Description of the task
An exact copy is needed of the lines in the entries below from the line with "Tempered Glass Pivot" up to and including the line with "Affiche souvenir de", and of nothing else. Leave the pictures out.

The data
_ _ _ _

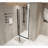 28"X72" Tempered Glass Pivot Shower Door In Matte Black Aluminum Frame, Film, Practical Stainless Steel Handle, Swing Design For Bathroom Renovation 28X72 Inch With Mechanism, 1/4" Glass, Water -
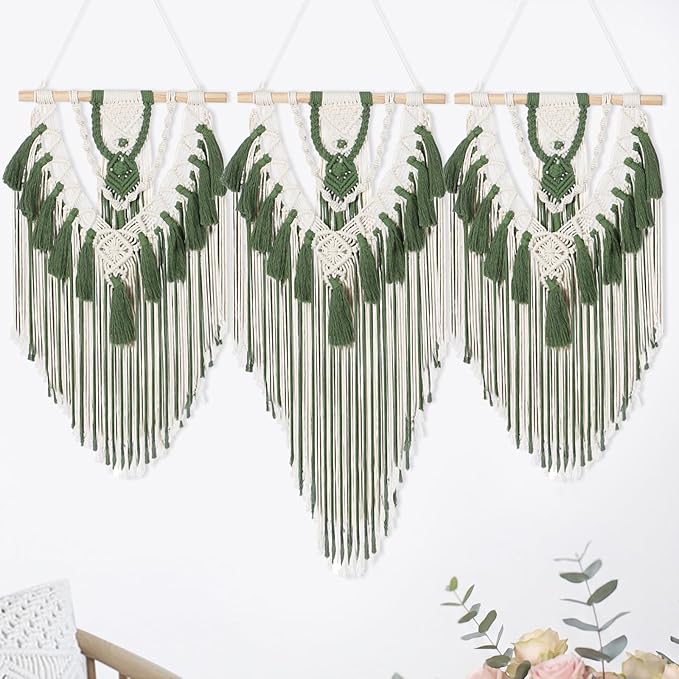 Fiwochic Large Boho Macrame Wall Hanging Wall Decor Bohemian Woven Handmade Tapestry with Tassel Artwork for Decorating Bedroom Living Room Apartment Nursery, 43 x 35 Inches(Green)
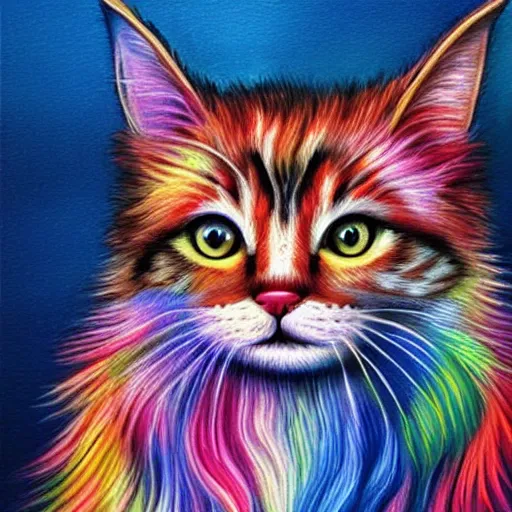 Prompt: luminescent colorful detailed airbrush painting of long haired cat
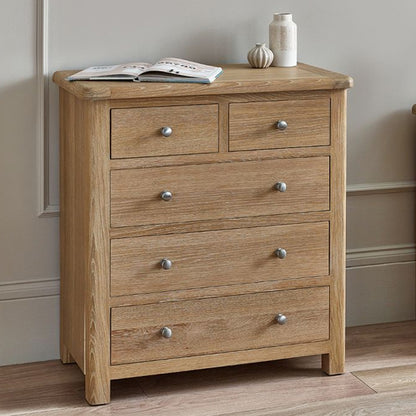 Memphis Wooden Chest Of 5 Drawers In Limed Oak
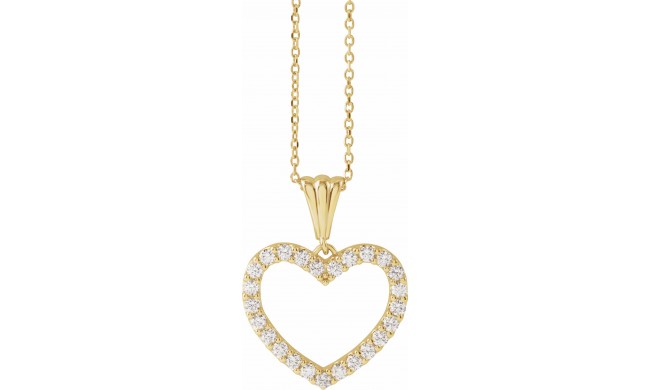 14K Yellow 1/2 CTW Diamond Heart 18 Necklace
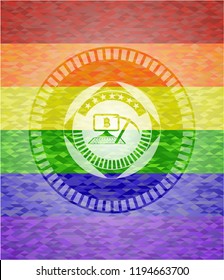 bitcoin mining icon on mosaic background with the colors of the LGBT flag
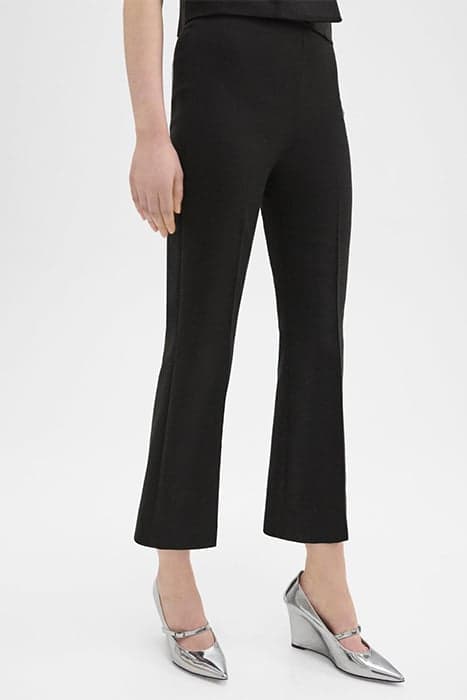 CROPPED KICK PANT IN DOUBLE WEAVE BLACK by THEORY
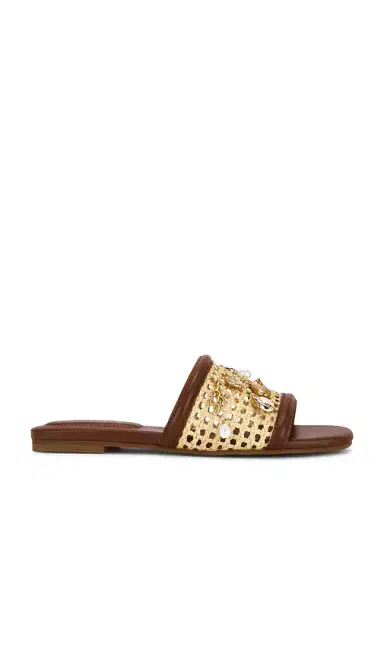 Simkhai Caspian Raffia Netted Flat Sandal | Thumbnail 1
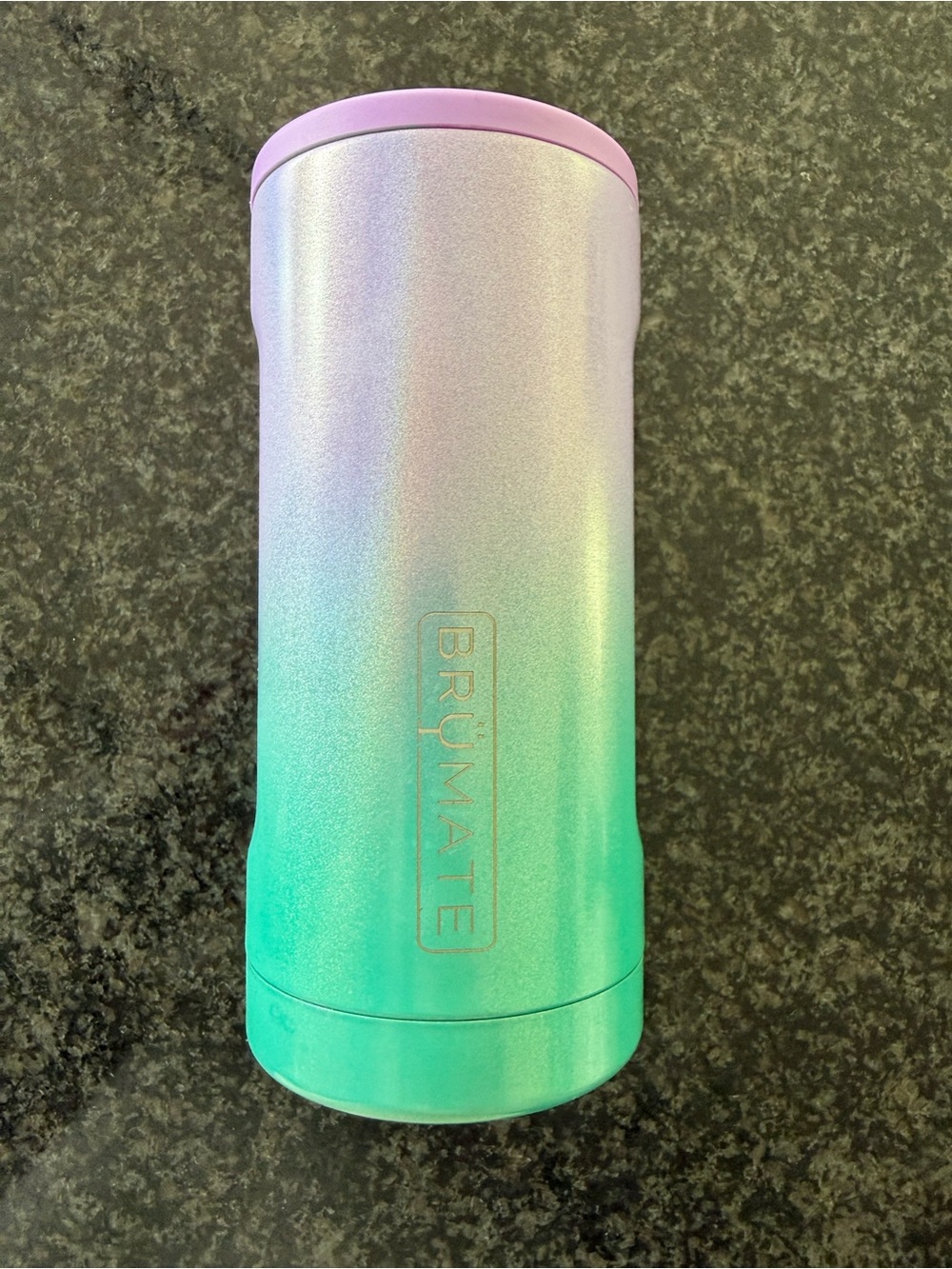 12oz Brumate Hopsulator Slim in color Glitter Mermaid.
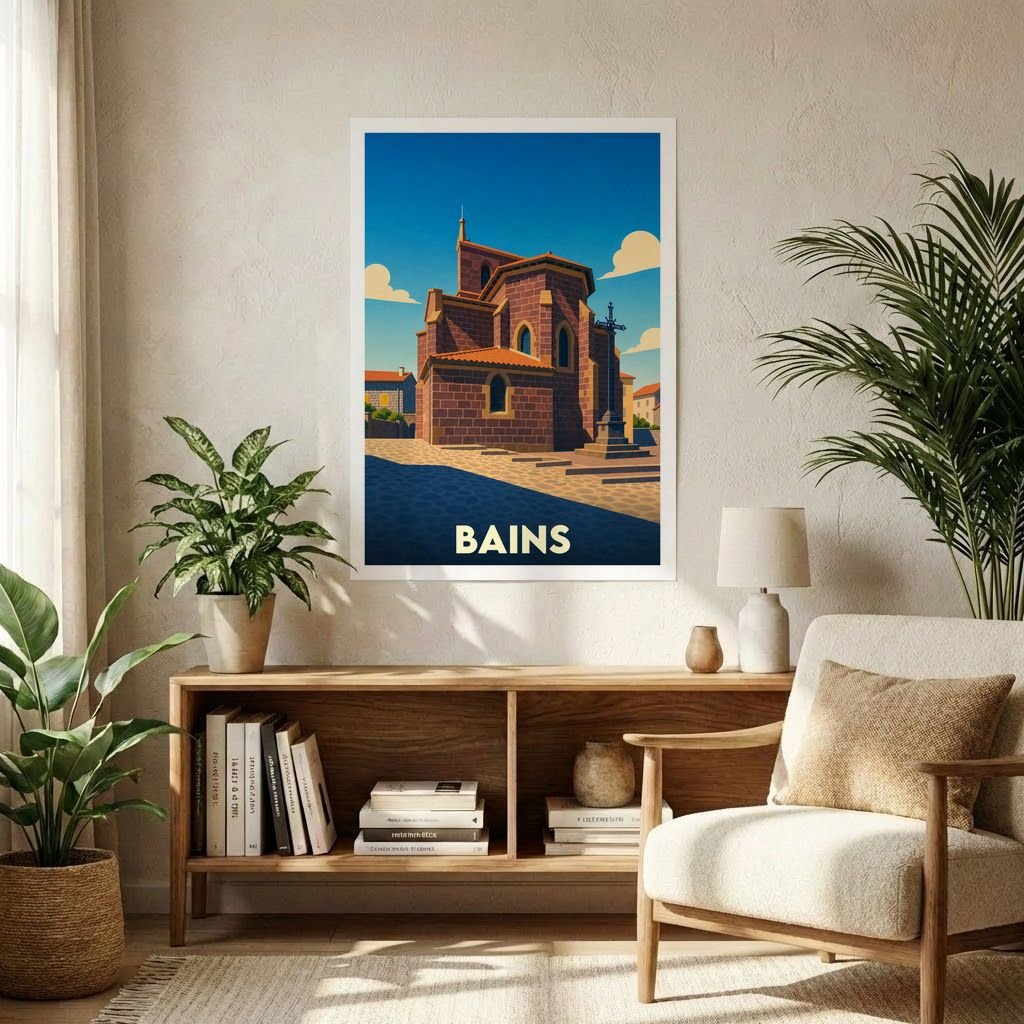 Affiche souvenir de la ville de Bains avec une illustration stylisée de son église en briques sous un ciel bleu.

_ _ _ _

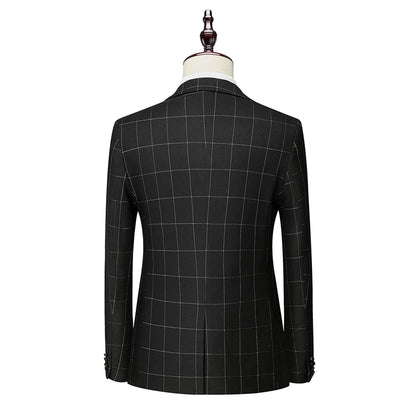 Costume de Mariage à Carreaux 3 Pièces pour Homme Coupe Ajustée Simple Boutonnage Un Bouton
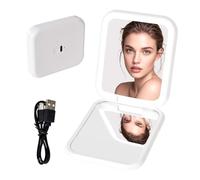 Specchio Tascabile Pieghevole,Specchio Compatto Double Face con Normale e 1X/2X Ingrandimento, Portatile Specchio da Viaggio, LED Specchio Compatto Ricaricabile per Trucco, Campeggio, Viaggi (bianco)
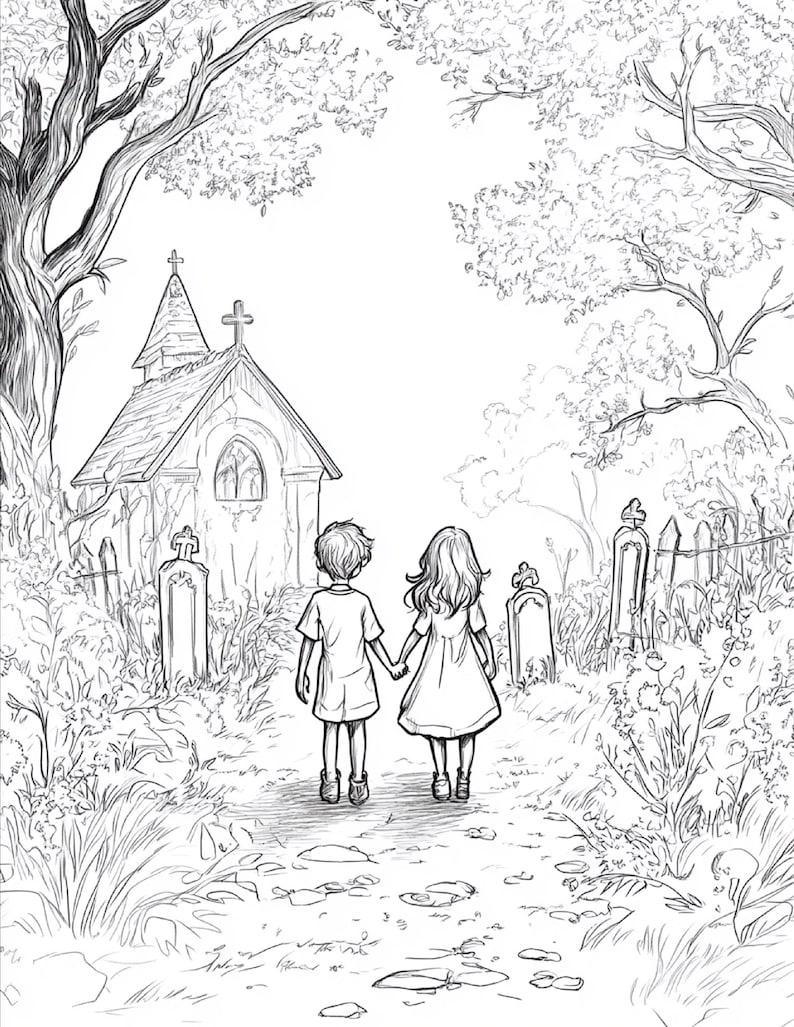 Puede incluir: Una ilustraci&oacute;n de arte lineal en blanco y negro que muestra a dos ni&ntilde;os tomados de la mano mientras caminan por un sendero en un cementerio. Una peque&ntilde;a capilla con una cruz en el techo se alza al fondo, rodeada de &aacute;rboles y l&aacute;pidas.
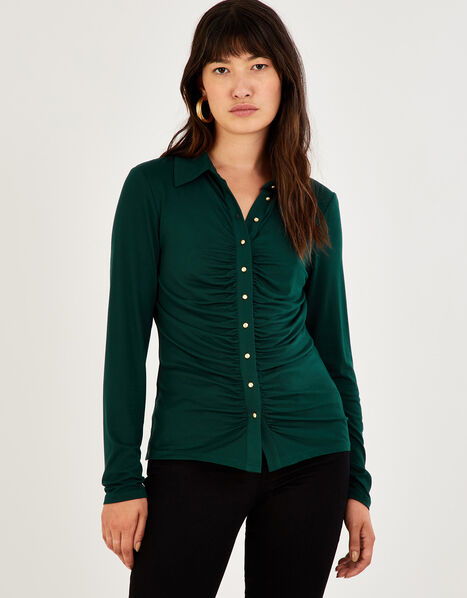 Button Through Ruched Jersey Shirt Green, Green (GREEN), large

_ _ _ _

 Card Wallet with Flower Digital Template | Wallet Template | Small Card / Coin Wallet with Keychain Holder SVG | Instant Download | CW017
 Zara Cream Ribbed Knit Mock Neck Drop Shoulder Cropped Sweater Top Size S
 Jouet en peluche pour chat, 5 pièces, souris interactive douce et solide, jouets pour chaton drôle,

_ _ _ _

Finished exercise
 28"X72" Tempered Glass Pivot Shower Door In Matte Black Aluminum Frame, Film, Practical Stainless Steel Handle, Swing Design For Bathroom Renovation 28X72 Inch With Mechanism, 1/4" Glass, Water -
 Fiwochic Large Boho Macrame Wall Hanging Wall Decor Bohemian Woven Handmade Tapestry with Tassel Artwork for Decorating Bedroom Living Room Apartment Nursery, 43 x 35 Inches(Green)
 Prompt: luminescent colorful detailed airbrush painting of long haired cat
 Memphis Wooden Chest Of 5 Drawers In Limed Oak
 14K Yellow 1/2 CTW Diamond Heart 18 Necklace
 bitcoin mining icon on mosaic background with the colors of the LGBT flag
 CROPPED KICK PANT IN DOUBLE WEAVE BLACK by THEORY
 Simkhai Caspian Raffia Netted Flat Sandal | Thumbnail 1
 12oz Brumate Hopsulator Slim in color Glitter Mermaid.
 Affiche souvenir de la ville de Bains avec une illustration stylisée de son église en briques sous un ciel bleu.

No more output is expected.